* Recorded data:
┄┄┄┄┄┄

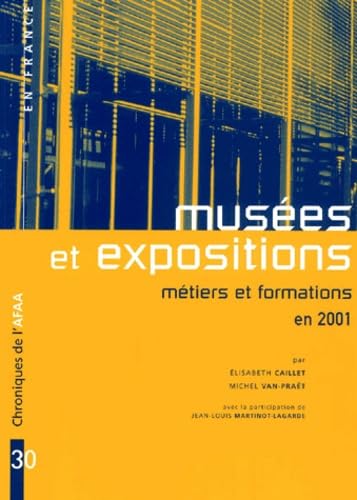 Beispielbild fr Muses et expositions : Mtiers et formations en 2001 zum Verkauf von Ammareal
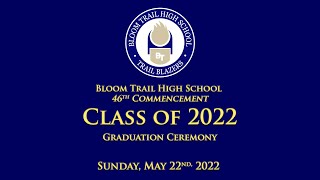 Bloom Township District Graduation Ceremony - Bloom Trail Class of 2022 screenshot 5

┄┄┄┄┄┄

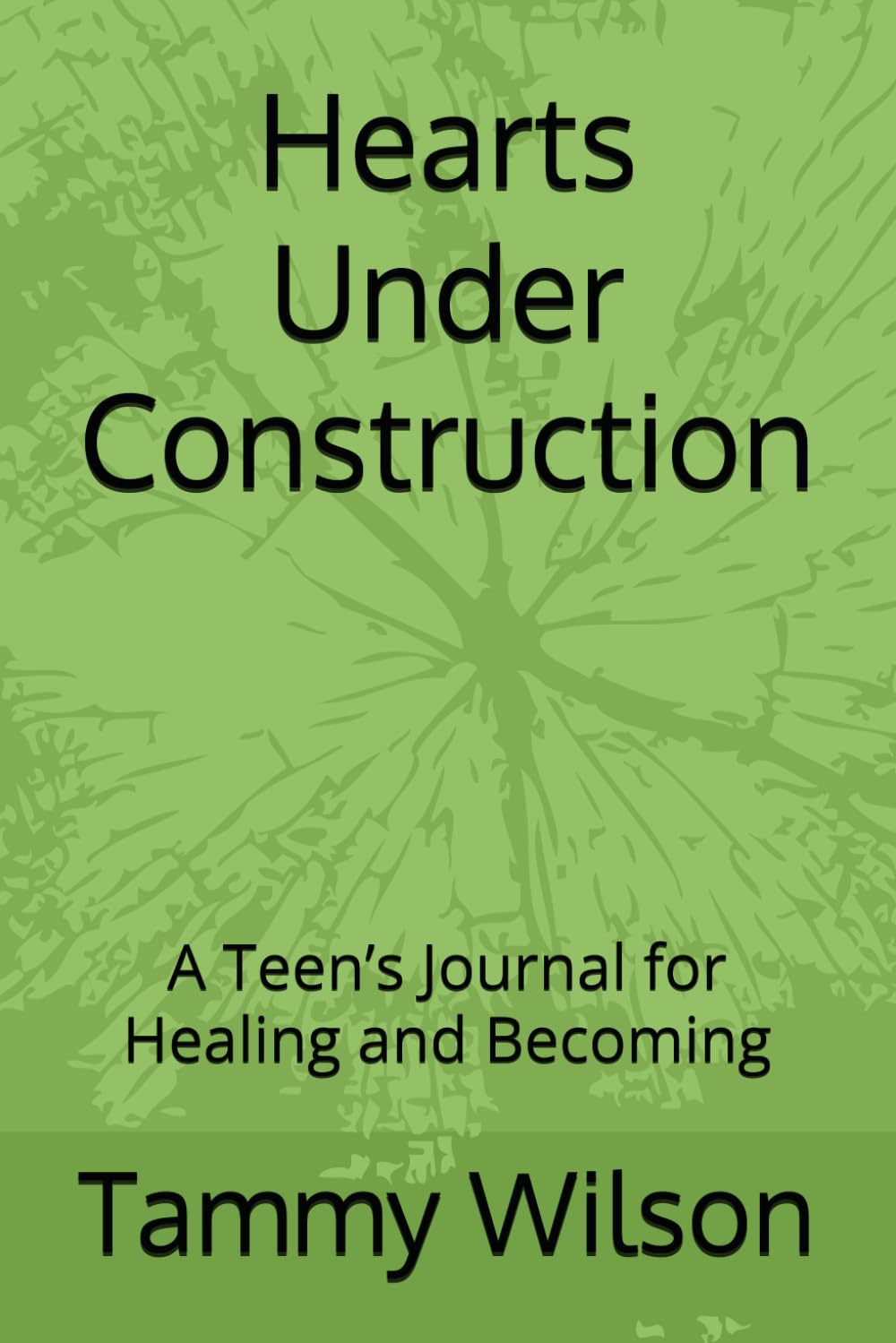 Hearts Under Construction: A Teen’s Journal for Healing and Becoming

┄┄┄┄┄┄

* Assigned task:
In the entries above, find the line with "Beispielbild fr Muses" and the line with "Bloom Township District". Return exactly those lines and all the ones between them, pictures excluded.

* Exercise solution:
 Beispielbild fr Muses et expositions : Mtiers et formations en 2001 zum Verkauf von Ammareal
 Bloom Township District Graduation Ceremony - Bloom Trail Class of 2022 screenshot 5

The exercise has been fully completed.